* _Problem requirements_
Would you copy the entries that follow exactly, leaving out every picture?

-------- Task data

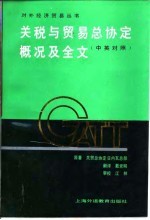 关税与贸易总协定概况及全文 中英对照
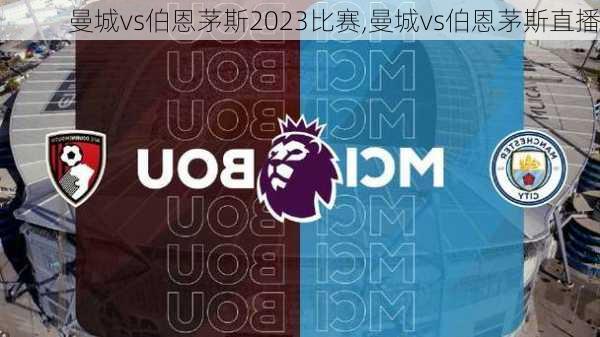 曼城vs伯恩茅斯2023比赛,曼城vs伯恩茅斯直播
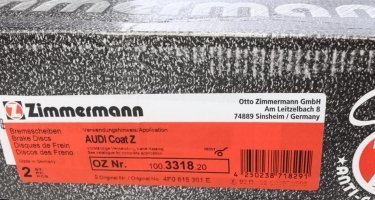 Гальмівний диск 100.3318.20 Zimmermann фото 9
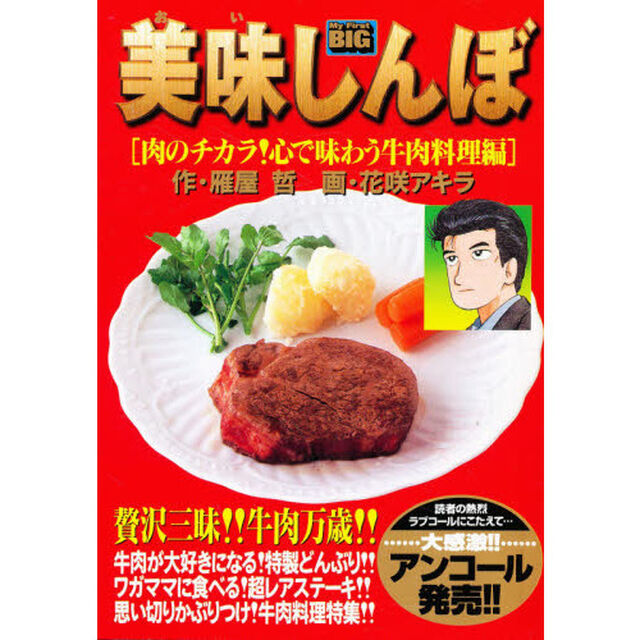 美味しんぼ　肉のチカラ心で味わう牛肉料理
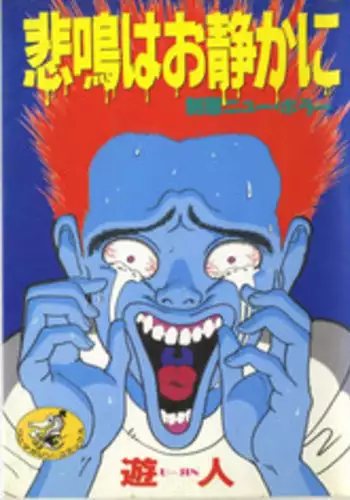 [U-Jin] Himei wa Oshizuka ni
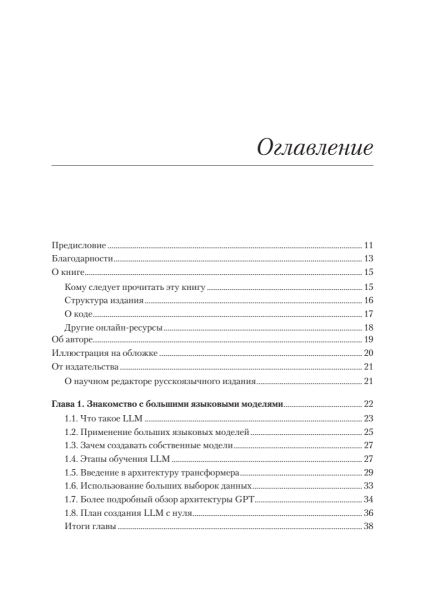 Книга: «Строим LLM с нуля» 3 56aaaa928fd3d44373af56d410fd947d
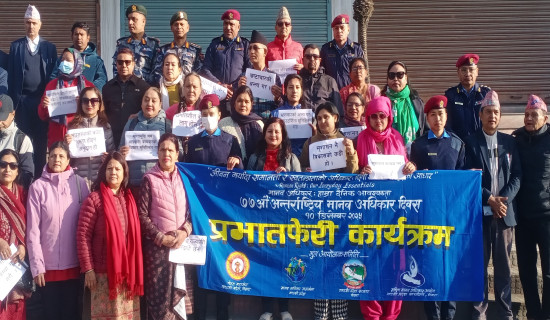 अन्तर्राष्ट्रिय मानव अधिकार दिवसमा प्रभातफेरी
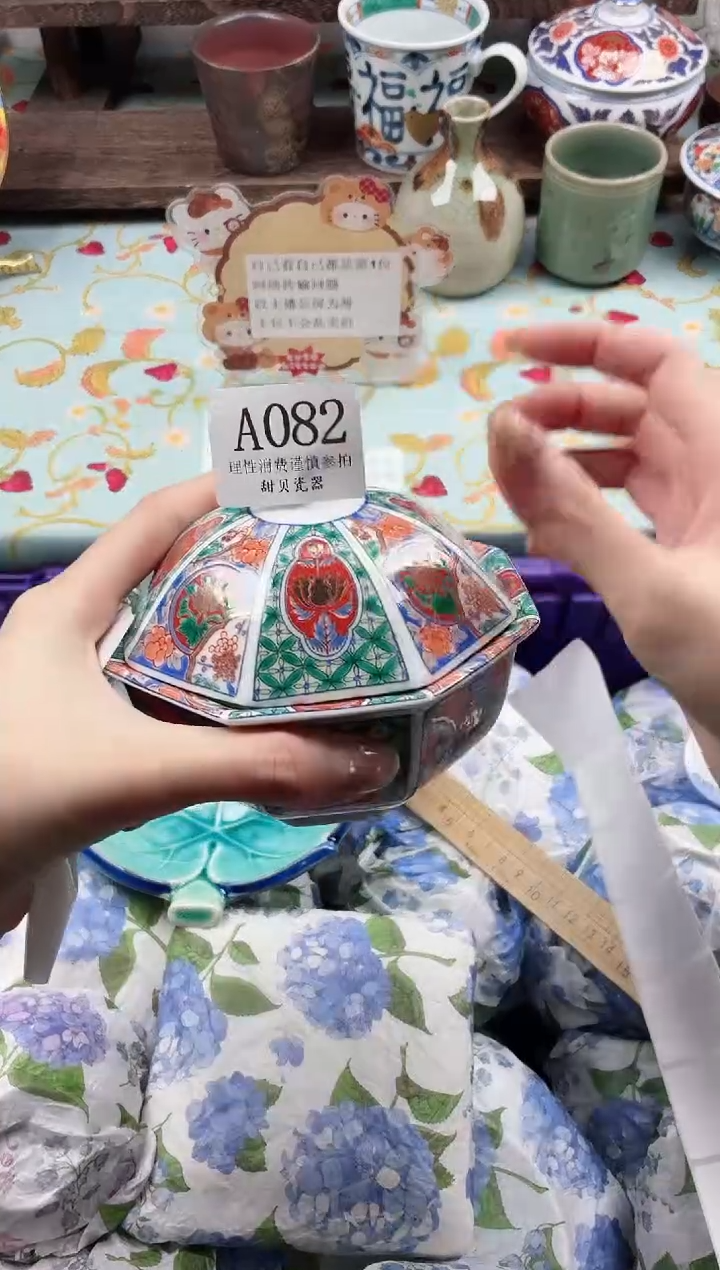 瓷片S****✨                A082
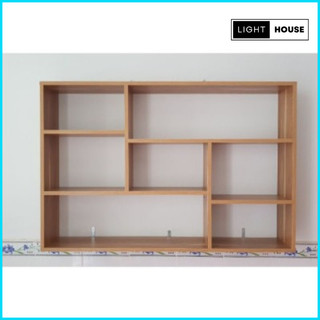 Kệ sách gỗ treo tường, kệ trang trí, giá sách treo tường gỗ MDF nhiều ngăn Light House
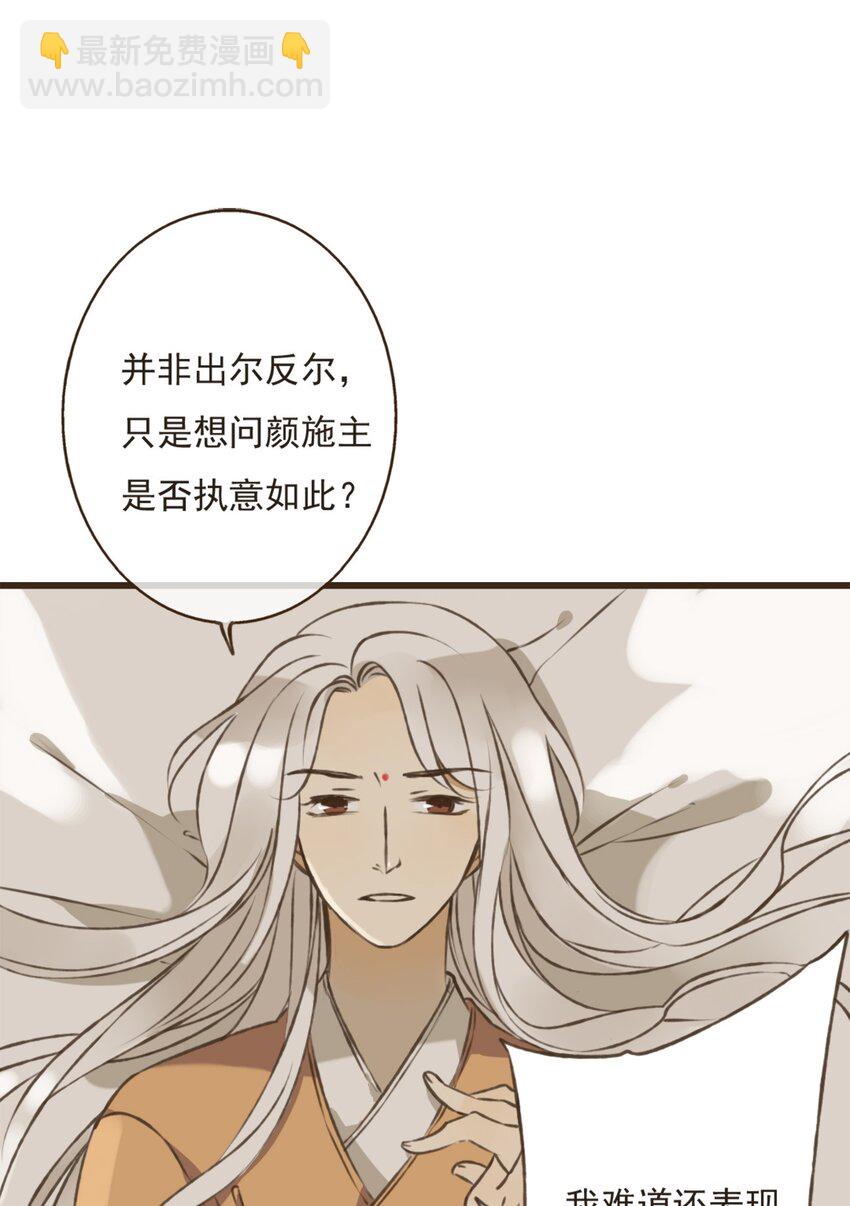 第8话 怎么不按剧本走？！-第8话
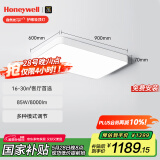 霍尼韦尔（Honeywell）护眼吸顶灯客厅卧室书房灯简约全光谱自然光03LPlus【包安装】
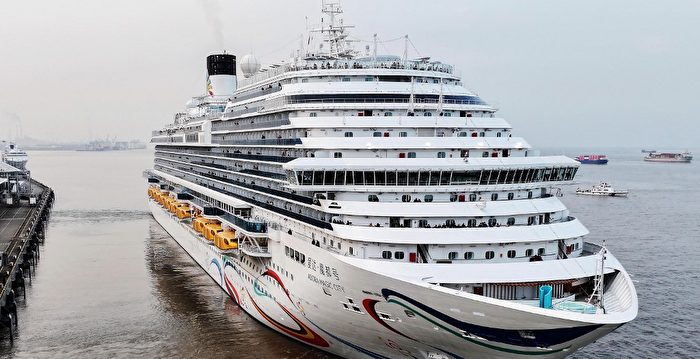 China's First Domestically Produced Cruise Ship 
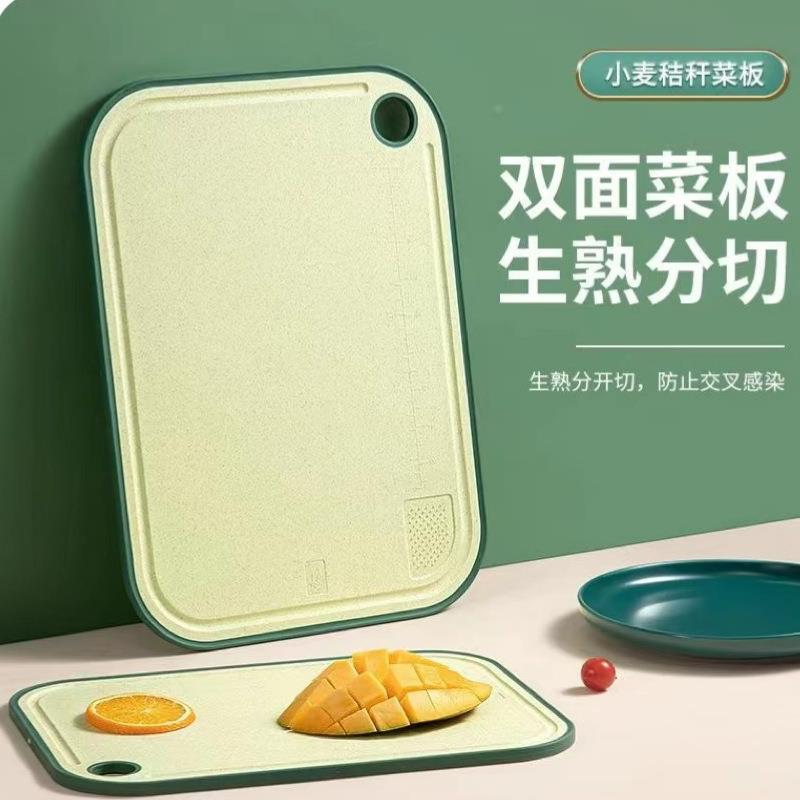 小麦秸秆双面切菜板家用砧板厨房挂钩磨蒜砧板防滑切菜板宿舍菜板
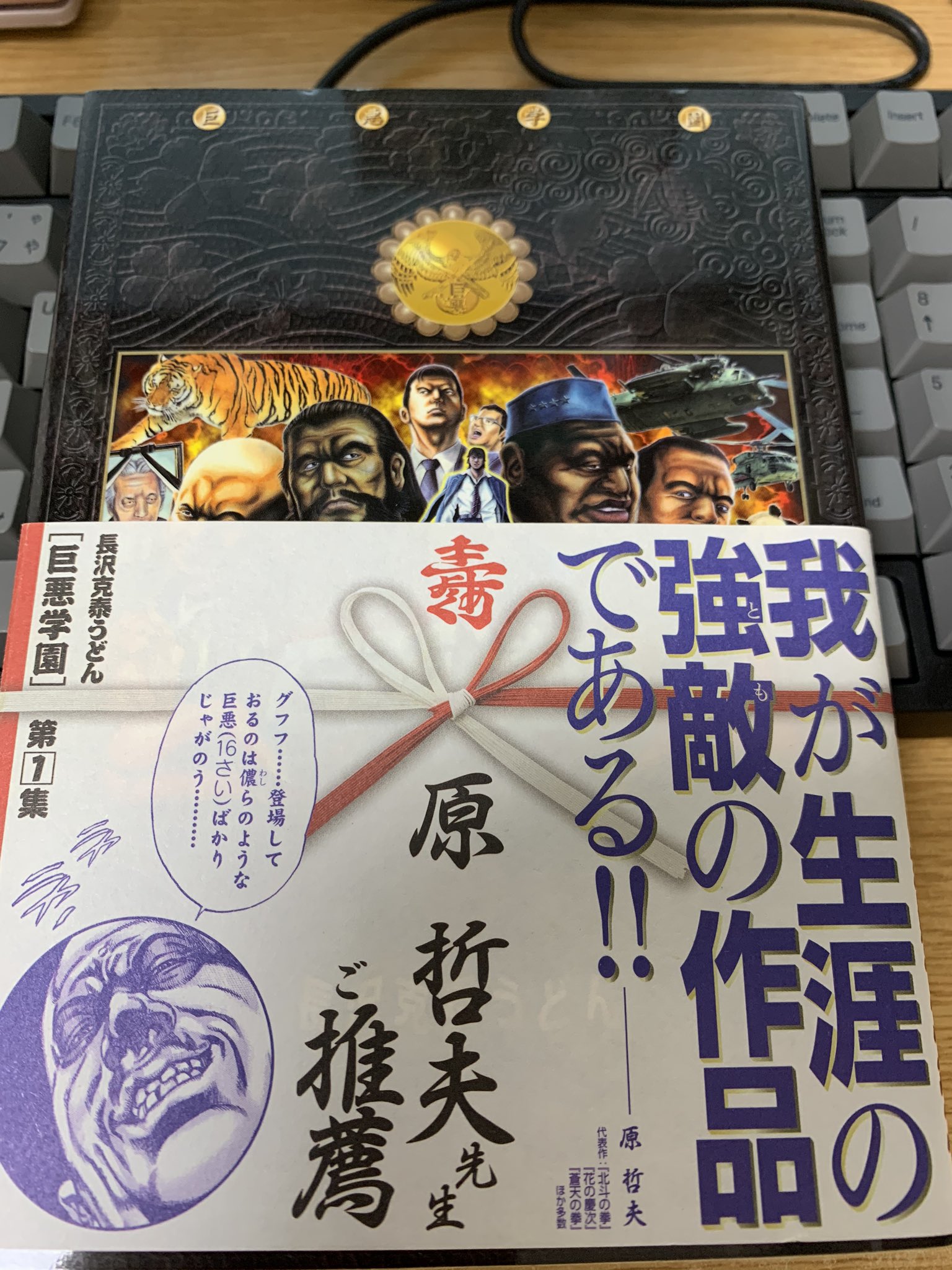 けすた 第三世界の長井 ながいけん 小学館 ストーリーラインは難解で おそらく世界崩壊レベルの出来事が起きてるのに 長井と博士と宇宙人たちがひたすらシュールなせいでとんでもないギャグ漫画になっている 設定を打ち込まれれば作中人物は従わざるを
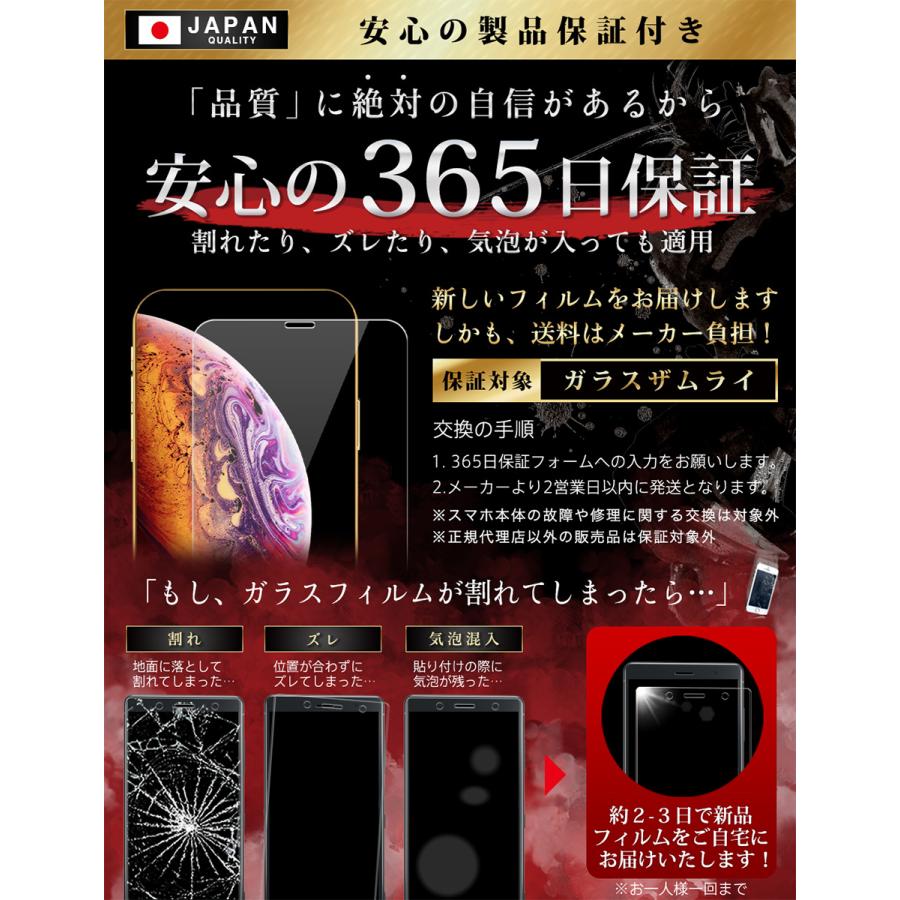 iPhone Xs ガラスフィルム 保護フィルム 10Hガラスザムライ らくらくクリップ付き アイフォン アイホン iPhonexs フィルム｜orion-sotre｜08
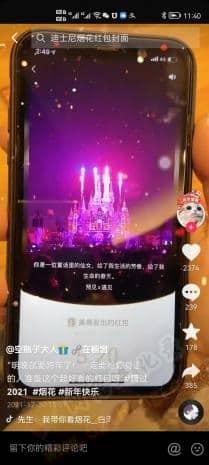 视频带货真的能卖出东西吗？看看这个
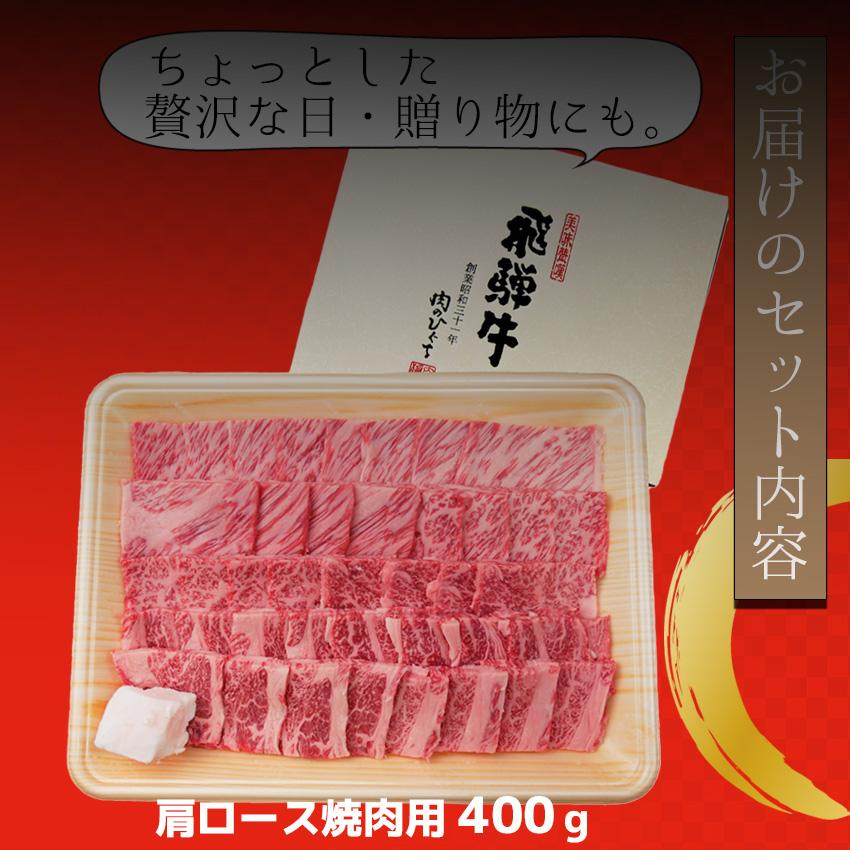 飛騨牛 肩ロース 焼肉用 冷凍 (400g) 焼肉 A4等級 A5等級 贈答用 ギフト 正月 年末年始 プレゼント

----------------

* _Task response_
 关税与贸易总协定概况及全文 中英对照
 曼城vs伯恩茅斯2023比赛,曼城vs伯恩茅斯直播
 Гальмівний диск 100.3318.20 Zimmermann фото 9
 美味しんぼ　肉のチカラ心で味わう牛肉料理
 [U-Jin] Himei wa Oshizuka ni
 Книга: «Строим LLM с нуля» 3 56aaaa928fd3d44373af56d410fd947d
 अन्तर्राष्ट्रिय मानव अधिकार दिवसमा प्रभातफेरी
 瓷片S****✨                A082
 Kệ sách gỗ treo tường, kệ trang trí, giá sách treo tường gỗ MDF nhiều ngăn Light House
 第8话 怎么不按剧本走？！-第8话
 霍尼韦尔（Honeywell）护眼吸顶灯客厅卧室书房灯简约全光谱自然光03LPlus【包安装】
 China's First Domestically Produced Cruise Ship 
 小麦秸秆双面切菜板家用砧板厨房挂钩磨蒜砧板防滑切菜板宿舍菜板
 けすた 第三世界の長井 ながいけん 小学館 ストーリーラインは難解で おそらく世界崩壊レベルの出来事が起きてるのに 長井と博士と宇宙人たちがひたすらシュールなせいでとんでもないギャグ漫画になっている 設定を打ち込まれれば作中人物は従わざるを
 iPhone Xs ガラスフィルム 保護フィルム 10Hガラスザムライ らくらくクリップ付き アイフォン アイホン iPhonexs フィルム｜orion-sotre｜08
 视频带货真的能卖出东西吗？看看这个
 飛騨牛 肩ロース 焼肉用 冷凍 (400g) 焼肉 A4等級 A5等級 贈答用 ギフト 正月 年末年始 プレゼント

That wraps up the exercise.